Fixing the ridiculous file names would also be useful.

Posted by gus on 09-Jun-2016 08:28

> On Jun 9, 2016, at 8:50 AM, James Palmer wrote:

>

> For example a process that removes aged archive files would be brilliant so long as you can specify what aged really means.

find -f /archivepath -x -mtime +30 exec rm -f {} ";"

Posted by gus on 16-Jun-2016 16:54

fixing the ai filenames is a complete waste of time. not in the least useful, though i guess it would please you. :)

Posted by ChUIMonster on 16-Jun-2016 17:00

If you ever had to type one you'd feel differently ;)

--
Tom Bascom

Posted by Keith Sudbury on 17-Jun-2016 10:50

Don't you have scripts for that Tom? :-)

I was not a huge fan of the AIMGT generated file names at first.. but when I switched my backup files to the same naming convention it made life much easier.

Now I can easily tell from a backup file where it is in the AI chain and which AI files need to be applied in which order. Automated restores and AI applies are pretty trivial once you embrace the madness.

I would like to see probkup integrated with the AIMGT process to make the process even simpler.
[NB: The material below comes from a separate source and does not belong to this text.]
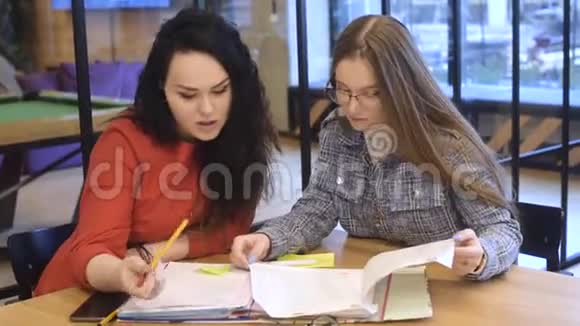 一个学生帮助另一个学生做作业解释课程外语教师办公室工人讨论合同视频的预览图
Tell it when to run your backups and let it name the backup file(s) for you.

It could also handle cleanup with hopefully a few hooks to let AIMGT know that you have safely copied the files before it decides to remove them.

Posted by ChUIMonster on 17-Jun-2016 11:14

Well, yeah, of course.  But every now and then I land on a machine that doesn't have said scripts and which is locked up behind all sorts of firewalls and crap at least one layer of which interferes with copy & paste...

Having said that -- automating the purge interval is 1000% more important.

And I like the idea of automating the backup too.